Don't you think we could provide an incentive that is that inexpensive to motivate a housing market to return, to begin to reflate values back and put equity in the pockets of the American people and return our economy?

Experts have estimated--and I am not saying I am an expert, this is experts who have estimated--that if that tax credit had passed last year it would have created 700,000 home sales and 587,000 jobs. Mr. President, 587,000 jobs is the number of jobs we have been losing a month. We need to find a way to create that kind of number.

More important, let me give you the intriguing fact about the 700,00 house sales.

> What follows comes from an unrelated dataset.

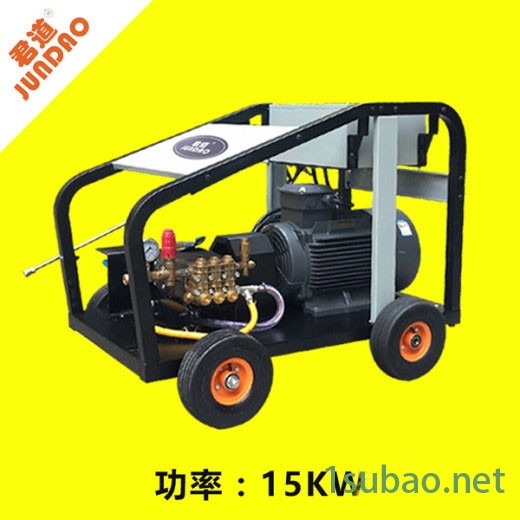 君道E4517 厂家工业用200bar电动高压冷水清洗机图3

Current home sales in America are at 500,000. An average year in this decade in this country was 1.2 million, a good year was 1.5 million. If you add that estimated 700,000 produced by the credit to the existing 500,000, you would return the United States to a balanced housing market. You would begin to appreciate the value of those houses back to where they were. You would restore equity lines of credit for the men and women of the United States of America. You will employ people in the construction industry.

My last point is very important. This housing recession and the difficulties in it now are in the developed lots that are standing, developed and unsold, and the A, D, and C loans that have been made by the major banks funded around the country to fund those developments. Those loans are beginning to come due. They are threatening the integrity of the U.S. banking system, and there is only one thing that will solve that and that is for those lots to begin to be absorbed. The only way to do that is to get house buyers back in the market with an incentive to come back in and buy.

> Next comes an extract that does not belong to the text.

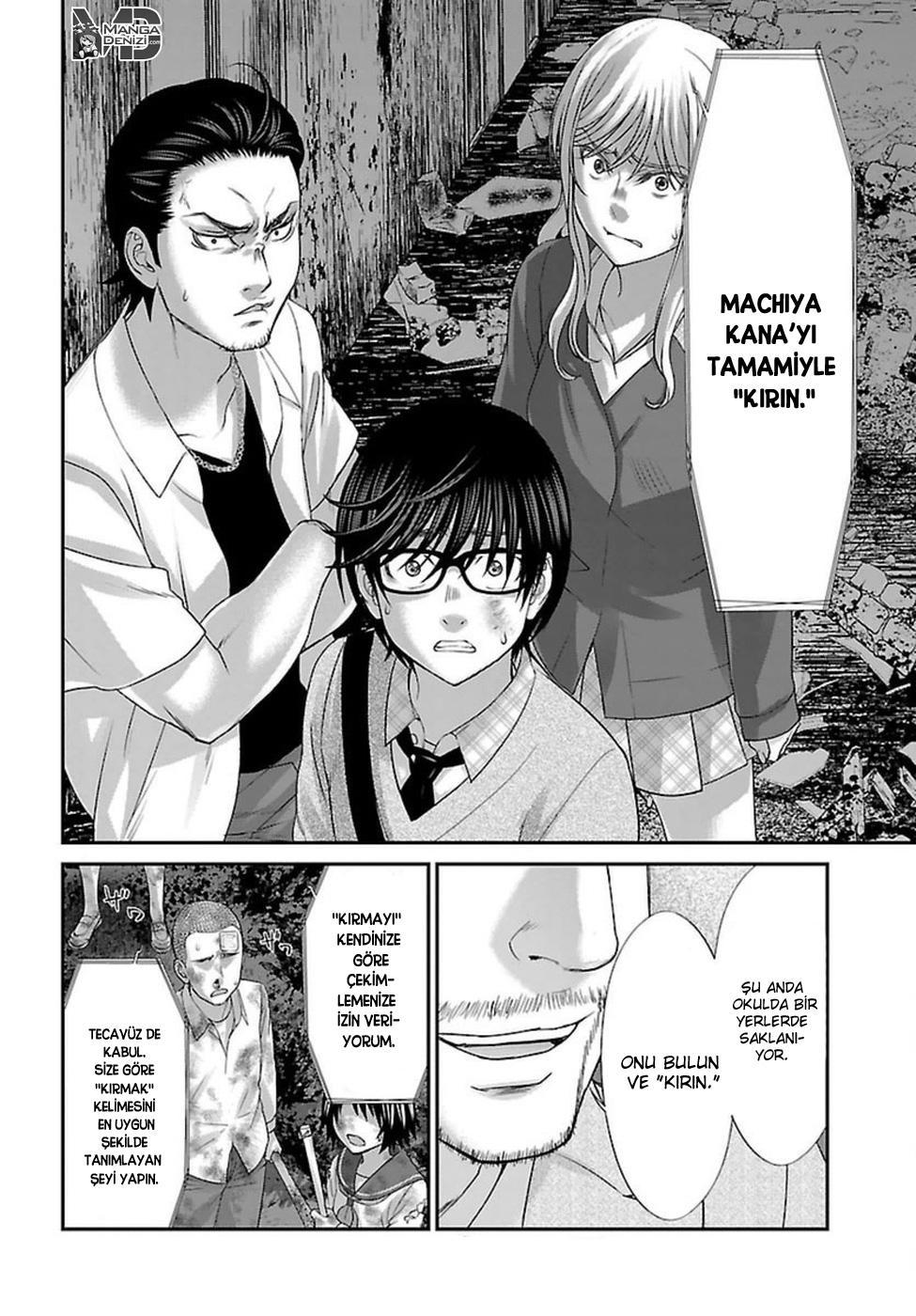 Dead Tube mangasının 28 bölümünün 34. sayfasını okuyorsunuz.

If the tax credit passed, we do not have that much of a vacant inventory available in the country. It would immediately stimulate the employment of construction workers to go into homebuilding.

My thanks to the Senate for its wisdom in adopting the $15,000 credit. I express my deep disappointment in the conference committee dropping it, and I encourage our President and the leadership of our country to give a second thought to what this credit could do. It seems to me one one-hundredth of 1 percent of the budget is worth a gamble to create almost 600,000 jobs and 700,000 home sales, restore equity lines of credit to America's families and, most important of all, reenergize the great engine that is the American economy. The greatest stimulus in the world is not a gift of money, it is an incentive to invest and for American families to return their confidence in this great economy we have in this great country.

I urge the leadership of the country to consider that. I, again, thank the chairman of the Budget Committee and every Member of the Senate for their unanimous support of it, and I yield the floor in sincere hopes that when this speech goes to the White House they will read it, they will check the numbers, and they will ask the question: Is one one-hundredth of 1 percent of this budget worth the chance to restore the economy of America?